The movement detection mode is set when it is desired to know the movement amount of the card from the reference position during the magnetic processing of FIG. 95 (routine R572) and the punching processing of FIG. 99 (routine R317). The movement amount detection mode is set by clearing the "read" flag and the "punched hole read" flag.

If the "movement amount detection" flag is "0" in the timer 2 interrupt process, the routine proceeds to routine R702, where the movement amount counter is incremented, and then the "security reading in progress" flag is set in routine R703. Check if it is set, and if it is set, routine R7
04, it is determined whether the movement amount is 4.8 mm or more (when the "security reading" flag is "0",
03. Move to the punch hole reading routine). The "security reading" flag is set by the punch hole sensor S in the routine R523 during the card reading process of FIG.
This is when NSp is turned on, and at this time, the security code reading sensor 810a is located at the beginning of the security area (TF) of the card. Then, the first security mark is provided at a position more than 4.8 mm away from the start edge of the security area. Therefore, it is determined in routine R704 that the movement amount is 4.8 mm or more. 4.8
When it is less than mm, the interrupt processing is ended, and the movement amount counter is incremented again by the next timer 2 interrupt. When the amount of movement reaches 4.8 mm, the routine proceeds to routine R711, where the amount of movement and the RAM in routine R519 are first.
If it is within the reading range, it is determined whether the security code reading sensor is turned on. If it is on, the counter that counts the width of the security code is incremented and interrupt processing is performed. finish
(Routines R712, R713).

Then, when the code reading sensor is turned off, the value of the counter is checked (routine R714). If the width of the security code is "0", it is determined that there is no code, and the interrupt processing ends. On the other hand, the range of security is "0"
If not, the counter width is transferred to the buffer and then the counter is cleared to determine whether the security width is 0.5 mm or more (routines R715 and R716). Here, if the width is 0.5 mm or less, it is considered to be abnormal, and if it is 0.5 mm or more, "1" is set to the most significant (or least significant) bit of the security buffer operated as a shift register.

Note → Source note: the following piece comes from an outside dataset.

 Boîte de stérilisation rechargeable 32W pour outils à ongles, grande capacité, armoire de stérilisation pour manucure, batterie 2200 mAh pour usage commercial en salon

When the next timer interrupt is entered and the routine R711 is out of the reading range, the routine finishes reading the first code and the routine R721 is entered to decrement the security reading number (counter). Then, the security buffer storing the read code is shifted by one bit in routine R723, and the reading range is added by the security code pitch (3.5 mm), and the process is ended. By shifting the security buffer each time one bit of security is detected, the serially read security code is converted into parallel data.

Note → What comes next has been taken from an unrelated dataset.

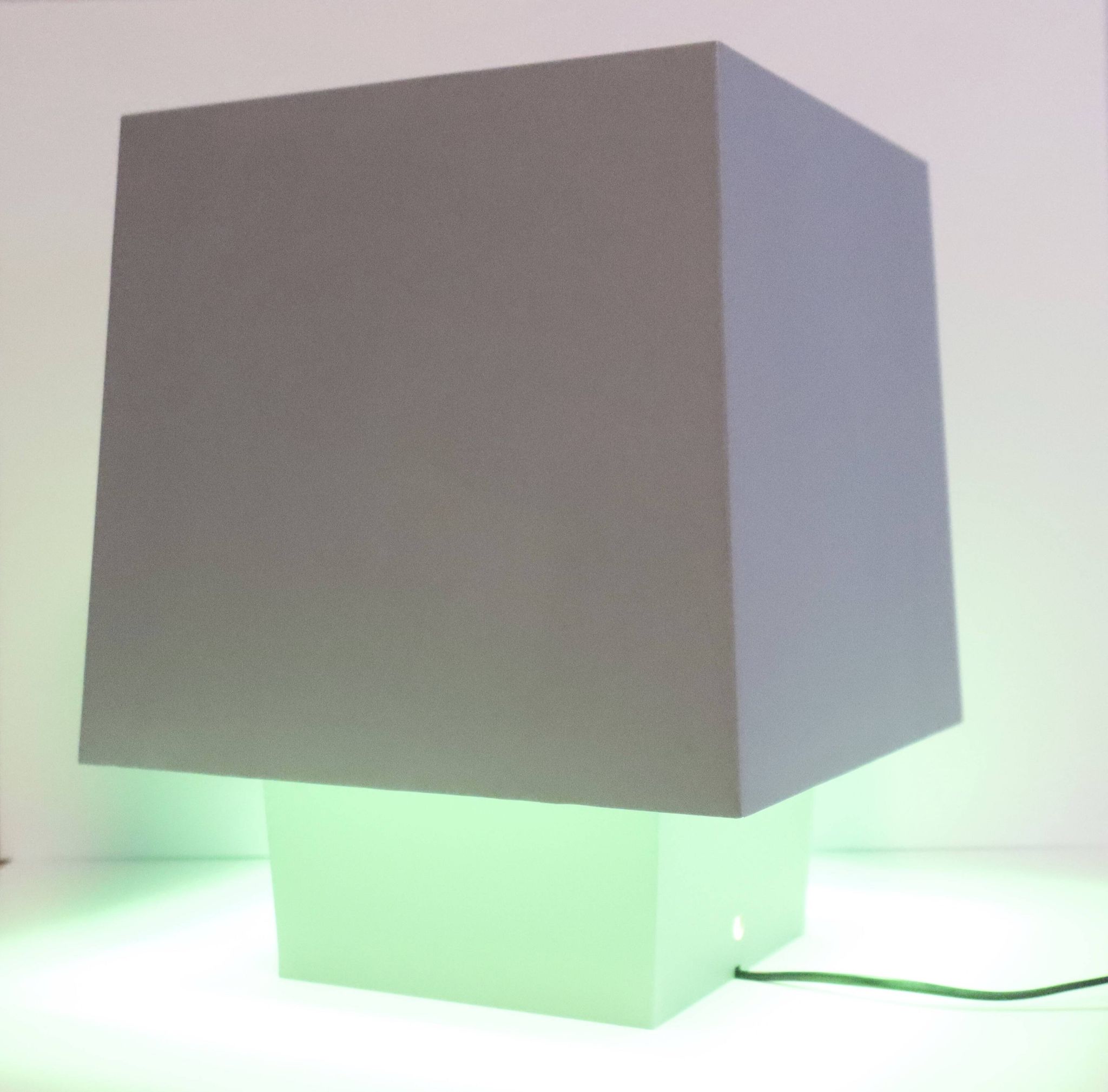 Grey metal cubic design lamp, coloured filters and Japanese signature.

When the number of security readings becomes "0" by repeating the above routine, the routine R722
From R to R714, the read security width is 0.5m
If m, write "1" to the most significant bit of the security buffer. After the security reading, the process moves to the magnetic data reading process, the "punch hole reading" flag is set to "1" in the routine R553 of FIG. 95, and the "security reading" flag is cleared to "0". When the timer 2 interrupt of R is started, the routine R
The routine proceeds from routine 703 to routine R731 in FIG. 103, and it is checked if the punch hole detection sensor is on. If it is on, the routine for counting the punch hole width is incremented in routine R732 and the interrupt processing is ended. If the punch hole detection sensor is turned off at the next interrupt, the routine proceeds to routine R733 to check the punch hole width.
Here, when the width of the detected punch hole is 0.8 mm or more, it is regarded as a regular punch hole, and the highest (or the lowest) of the buffer (operating as a shift register) that stores the presence or absence of the punch in routine R734. ) After writing "1" to the bit, or when the width of the punch hole is 0.8 mm or less, the punch hole width counter is cleared in routine R735, and then the routine proceeds to routine R736.

Here, it is determined whether the card movement amount is within the reading range. If it is within the reading range, the above procedure is repeated. If the card movement amount is outside the reading range, the routine proceeds to the routine R741 and the subsequent steps.

In routines R741 to R745, the number of punch holes read is first subtracted, the buffer containing the read bits is shifted by 1 bit, the punch hole width counter is cleared, the reading range is set again, and the processing is ended. And
When the read number becomes "0", the "timer 2 operation" flag is cleared to stop the subsequent timer 2 interrupt operation (routines R742 and R746).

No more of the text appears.